▶ Scraped caption text data:
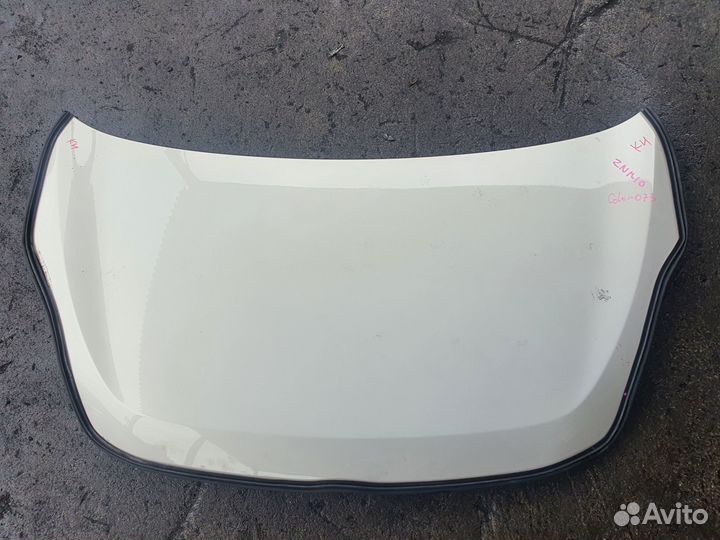 Капот c Toyota Isis ZNM10G 1ZZ-FE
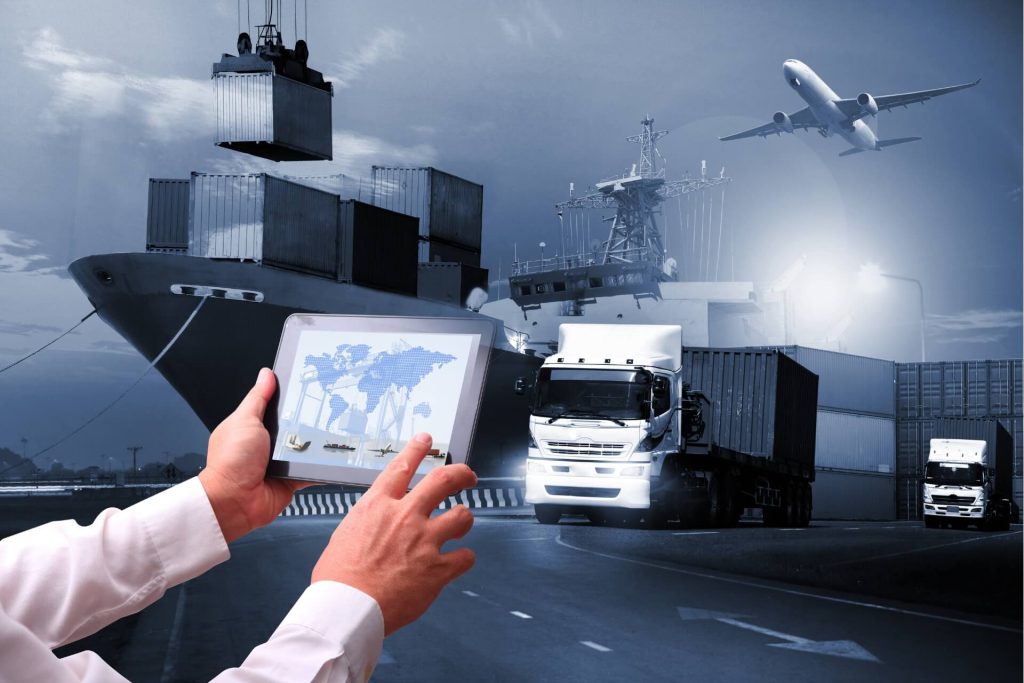 persona con una tablet y en el fondo varias opciones de transportes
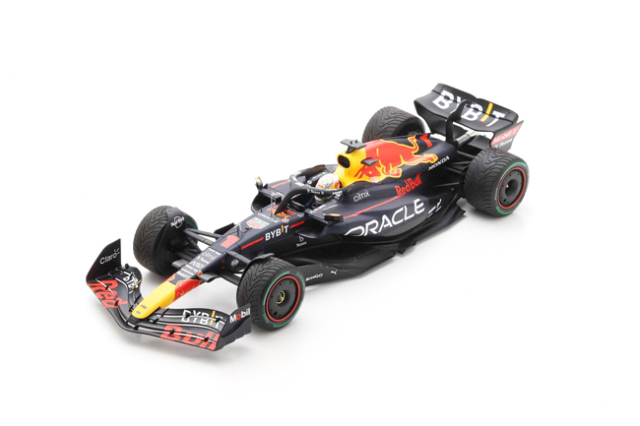 ・スパーク 1/18 レッドブル RB18 M.フェルスタッペン 2022年日本GP優勝With No.1 and World Champion Board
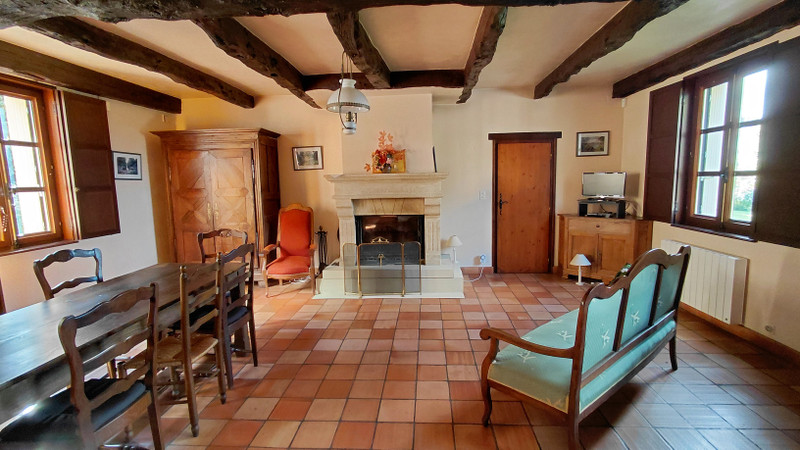 French property for sale in Saint-Launeuc, Côtes-d'Armor - €260,000 - photo 1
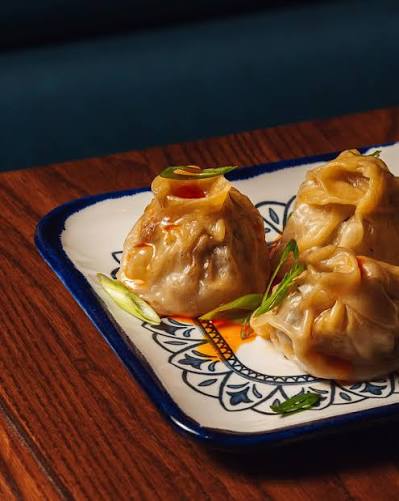 A rustic staple of Tibet and Nepal: 𝙩𝙞𝙗𝙚𝙩𝙖𝙣 𝙢𝙤𝙢𝙤𝙨. Make sure everyone at the table gets one before you go back for seconds!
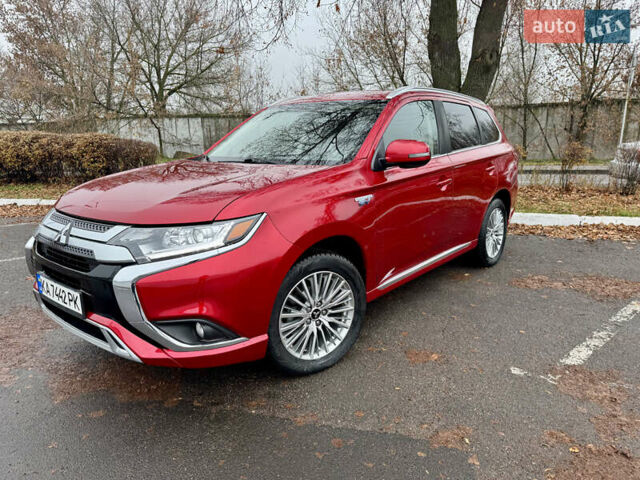 Красный Мицубиси Аутлендер, объемом двигателя 2.36 л и пробегом 65 тыс. км за 23800 $, фото 27 на Automoto.ua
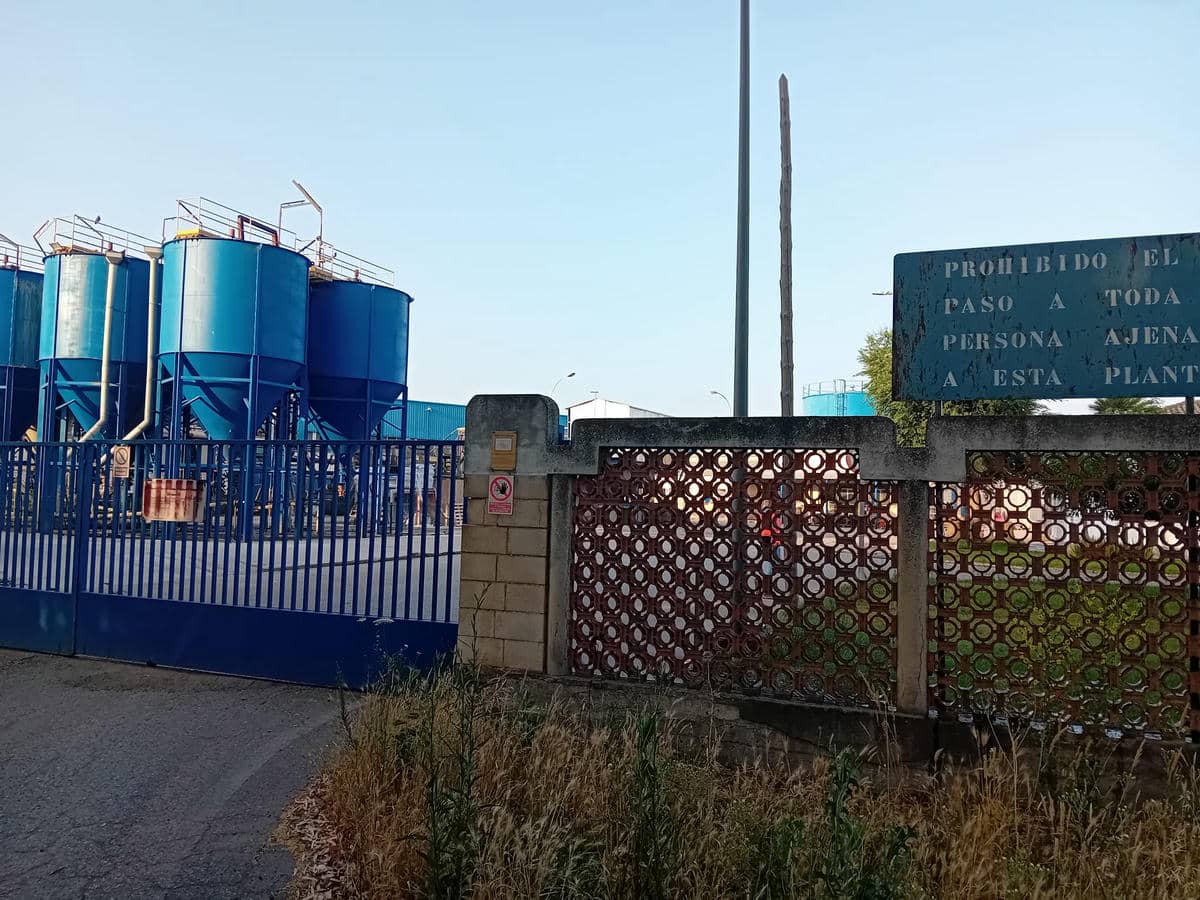 El exterior de la planta de reciclaje, en Los Palacios.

▶ Exercise prompt: Please transcribe exactly the lines from the start of the records through the line containing "World Champion Board", leaving the pictures out.

▶ Your response:
 Капот c Toyota Isis ZNM10G 1ZZ-FE
 persona con una tablet y en el fondo varias opciones de transportes
 ・スパーク 1/18 レッドブル RB18 M.フェルスタッペン 2022年日本GP優勝With No.1 and World Champion Board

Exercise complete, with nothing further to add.